District Judge Denise Lynch is presiding over both the criminal and civil cases against the Farrises. During a July hearing in the civil case, Lynch disclosed that she had recently learned that her brother, a physician in Michigan, had been the victim of embezzlement by his office manager, amounting to nearly $800,000 over the course of several years. His office manager was criminally prosecuted, and she eventually pleaded guilty to check fraud, and concealing the thefts by reporting that the recipients of those checks were vendors, according to Farrises’ criminal defense attorneys.

“Investigation has shown the charges against the embezzler for Judge Lynch’s brother to be very similar in nature to several of the criminal charges here,” they wrote in their motion.

“I don’t think it’s [going to] affect my bias or prejudice.

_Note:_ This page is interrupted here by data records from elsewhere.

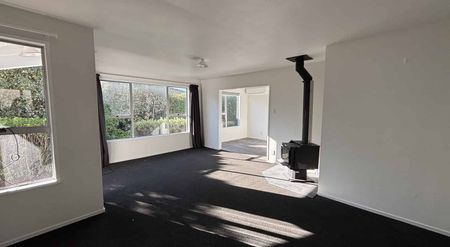 Well Presented Family Home - Photo 4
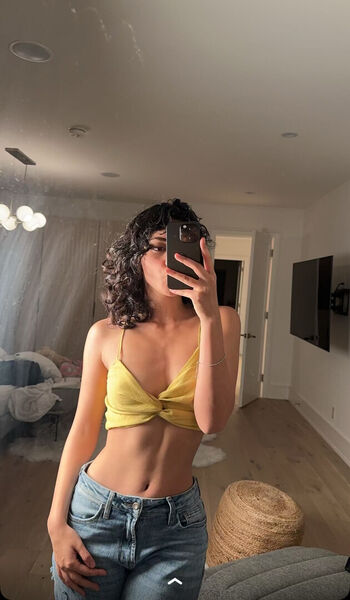 Melody Oz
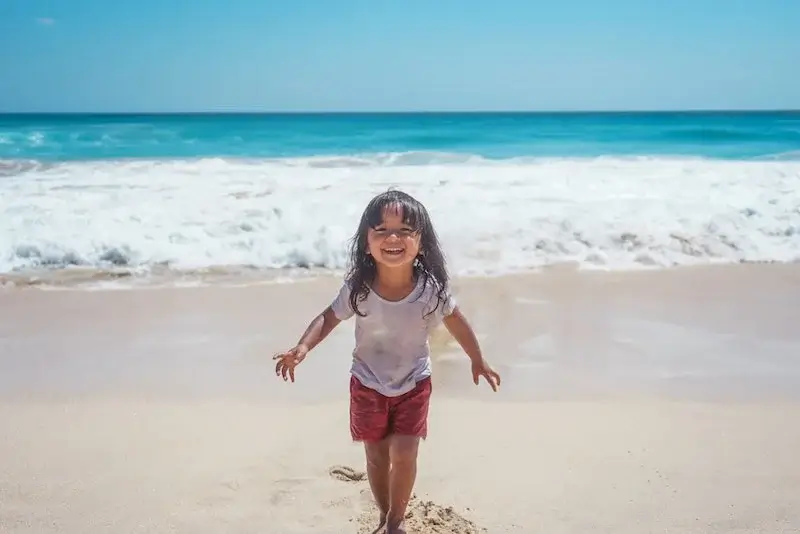 Plage à Bali, détente en famille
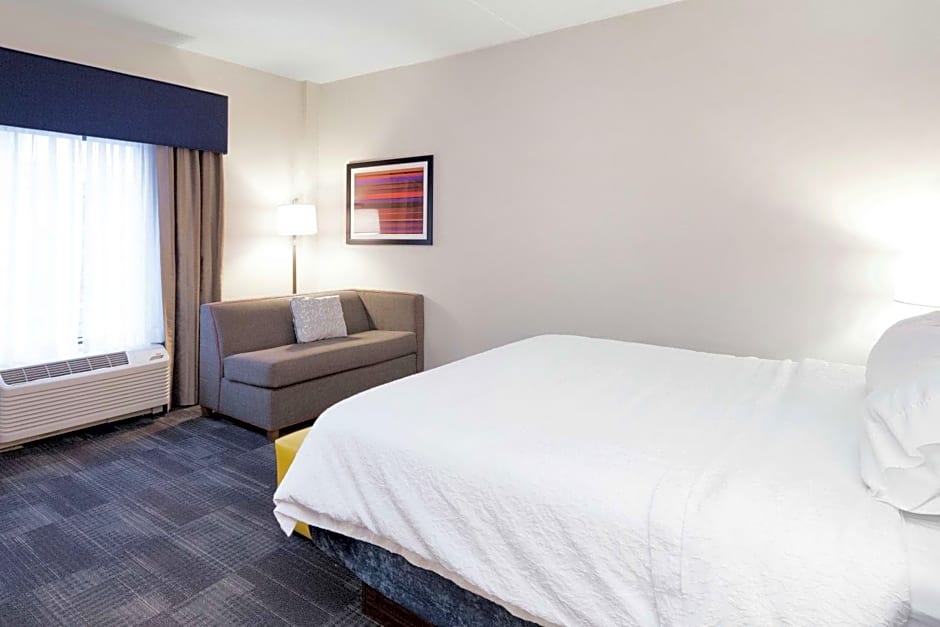 Hampton Inn By Hilton & Suites Morgantown / University Town Centre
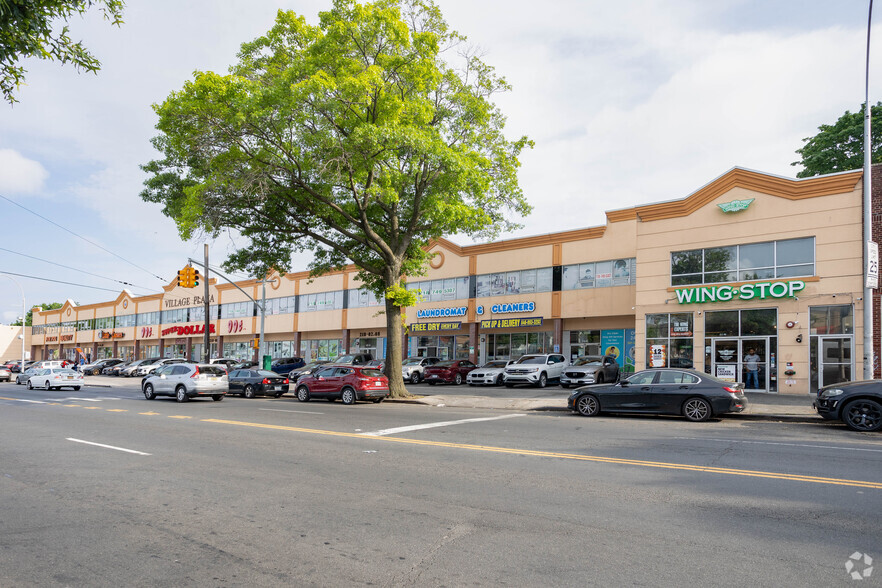 217-90-218-20 Hempstead Ave, Queens Village, NY for lease - Building Photo - Image 1 of 15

I think I’d still be able to hear this fairly, but I just felt like I needed to mention that,” Lynch said during the civil hearing in July.

Though the attorneys in the civil case did not find a problem with Lynch’s family experience of embezzlement, the Farrises’ criminal attorneys are asking the judge to voluntarily disqualify herself and have a substitute judge preside over the cases.

The two sons’ defense attorneys have not yet joined in this motion, though Chip McCrory, representing Tyler Farris, said Thursday that if Lynch disqualifies herself in the parents’ cases, it would follow that she should do the same in Tyler Farris’s case.

Prior to the Michigan case involving her brother, Lynch has presided over other recent high profile embezzlement cases, such as that of a Robin McMillan, convicted last year of embezzling more than $440,000 of public money as a Garfield County Clerk’s Office employee, and that of Erin Pressler, convicted of embezzling more than $180,000 from her employer.

Next, the prosecution will file its response to the defense motion for disqualification. Then Lynch will determine if a hearing is necessary on the defense’s motion.